Tik Jock
Programma Adotta un Malato > Pazienti > Tik Jock
Tik Jock è un paziente di Adotta un Malato, programma nato nel 2008 per contrastare le difficoltà di accesso alle cure nei paesi Africani e Indiani. La presa in carico del paziente prevede un’attenta valutazione della diagnosi che precede le cure o/e l’intervento necessario alla guarigione. Il programma si prende carico dell’assistenza e di tutte le spese necessarie alla cura di persone in estrema difficoltà economica e affette da patologie che necessitino di cure costose e/o d’intervento chirurgico e/o, in caso d’invalidità, di acquisto di presidi sanitari.
Scheda Paziente
La missione di Lare si trova all’estremo Ovest dell’Etiopia, nella regione di Gambella, a 13 km dal confine con il Sud Sudan.
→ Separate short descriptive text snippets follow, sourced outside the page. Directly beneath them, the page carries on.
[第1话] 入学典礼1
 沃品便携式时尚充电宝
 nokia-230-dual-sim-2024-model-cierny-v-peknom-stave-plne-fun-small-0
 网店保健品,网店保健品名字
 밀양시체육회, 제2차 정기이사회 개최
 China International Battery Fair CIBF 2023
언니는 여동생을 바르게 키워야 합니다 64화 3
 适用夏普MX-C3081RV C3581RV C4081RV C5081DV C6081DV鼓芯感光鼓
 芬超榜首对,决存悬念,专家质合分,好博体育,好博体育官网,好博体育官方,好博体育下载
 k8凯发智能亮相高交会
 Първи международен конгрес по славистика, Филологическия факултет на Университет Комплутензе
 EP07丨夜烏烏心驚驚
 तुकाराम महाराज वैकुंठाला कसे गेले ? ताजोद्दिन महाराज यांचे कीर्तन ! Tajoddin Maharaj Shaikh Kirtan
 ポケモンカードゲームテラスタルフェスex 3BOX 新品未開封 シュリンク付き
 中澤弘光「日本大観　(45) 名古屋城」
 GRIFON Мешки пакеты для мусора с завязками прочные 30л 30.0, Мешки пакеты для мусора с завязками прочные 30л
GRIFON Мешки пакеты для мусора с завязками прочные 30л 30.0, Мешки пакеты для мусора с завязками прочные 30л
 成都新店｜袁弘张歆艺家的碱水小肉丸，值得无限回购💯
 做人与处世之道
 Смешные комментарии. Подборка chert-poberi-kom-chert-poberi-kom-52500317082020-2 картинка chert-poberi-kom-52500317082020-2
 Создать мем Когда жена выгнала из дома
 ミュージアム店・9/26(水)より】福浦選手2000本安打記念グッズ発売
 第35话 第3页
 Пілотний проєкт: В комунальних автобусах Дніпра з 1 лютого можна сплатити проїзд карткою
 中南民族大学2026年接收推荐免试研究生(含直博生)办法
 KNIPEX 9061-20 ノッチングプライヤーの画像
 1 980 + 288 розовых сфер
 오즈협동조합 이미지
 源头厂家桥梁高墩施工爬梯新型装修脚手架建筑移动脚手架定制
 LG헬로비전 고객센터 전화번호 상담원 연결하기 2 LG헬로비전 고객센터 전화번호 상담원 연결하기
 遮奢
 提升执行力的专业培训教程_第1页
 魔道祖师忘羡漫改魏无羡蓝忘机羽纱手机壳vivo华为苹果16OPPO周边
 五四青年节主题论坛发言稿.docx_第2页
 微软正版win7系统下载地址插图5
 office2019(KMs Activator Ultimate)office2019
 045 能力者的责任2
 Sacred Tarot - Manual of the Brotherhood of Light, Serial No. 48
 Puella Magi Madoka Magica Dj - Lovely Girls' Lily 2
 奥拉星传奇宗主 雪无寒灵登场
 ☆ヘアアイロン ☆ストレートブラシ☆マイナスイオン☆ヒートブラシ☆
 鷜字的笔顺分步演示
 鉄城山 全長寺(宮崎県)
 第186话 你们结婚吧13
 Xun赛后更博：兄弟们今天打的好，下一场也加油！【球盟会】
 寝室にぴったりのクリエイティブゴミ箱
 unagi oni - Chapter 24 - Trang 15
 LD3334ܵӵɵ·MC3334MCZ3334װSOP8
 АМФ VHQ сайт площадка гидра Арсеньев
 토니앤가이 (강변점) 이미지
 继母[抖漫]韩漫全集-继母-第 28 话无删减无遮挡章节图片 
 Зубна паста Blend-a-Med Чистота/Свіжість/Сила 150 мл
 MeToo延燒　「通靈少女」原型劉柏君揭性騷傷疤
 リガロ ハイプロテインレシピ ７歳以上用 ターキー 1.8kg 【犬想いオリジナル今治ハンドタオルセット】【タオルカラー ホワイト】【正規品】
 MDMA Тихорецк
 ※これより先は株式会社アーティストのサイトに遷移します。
In questa missione sono presenti due missionari mandati dalla Diocesi di Mantova, un sacerdote, in Africa da 14 anni, e una volontaria laica, in Africa da 8 anni. Prima di trasferirsi nel 2013 a Lare, nella regione di Gambella, hanno prestato servizio presso una missione sull’altopiano etiopico.
Tik Jock è un studente nuer che partecipa al programma dell’ostello; la sua famiglia vive in una località molto distante da Lare. Nell’anno scolastico 2015-2016 ha frequentato la classe 10 e inizierà ora i due anni che preparano l’accesso all’università. Nel 2002, quando aveva solo 16 anni, è stato coinvolto in uno scontro a fuoco e ferito alla gamba destra. La ferita non si è rimarginata correttamente, soprattutto per la mancanza di strutture sanitarie adeguate e la situazione è andata peggiorando, tanto che nel 2015, in una ospedale del Sud Sudan, si è dovuta decidere l’amputazione dell’arto.
Subito dopo l’operazione, Tik si era informato circa la possibilità di una protesi, ma gli è stato risposto dalle strutture pubbliche che non ci sono disponibilità.
Nei mesi scorsi, con discrezione per non creare aspettative che poi rimarrebbero frustrate, abbiamo provato a raccogliere informazioni ad Addis Abeba e sembra che sia possibile realizzare un intervento adeguato che gli restituirebbe mobilità, autonomia e, ne siamo certi, anche morale ed iniziativa.
Le difficoltà della realizzazione non sono solo quelle tecniche della protesi, ma anche lo spostamento ad Addis Abeba e la permanenza per il tempo necessario, che si aggirerà sui due mesi. Per un nuer che non conosce la lingua amarica e non ha mai viaggiato in Etiopia, recarsi ad Addis Abeba equivale ad un viaggio all’estero.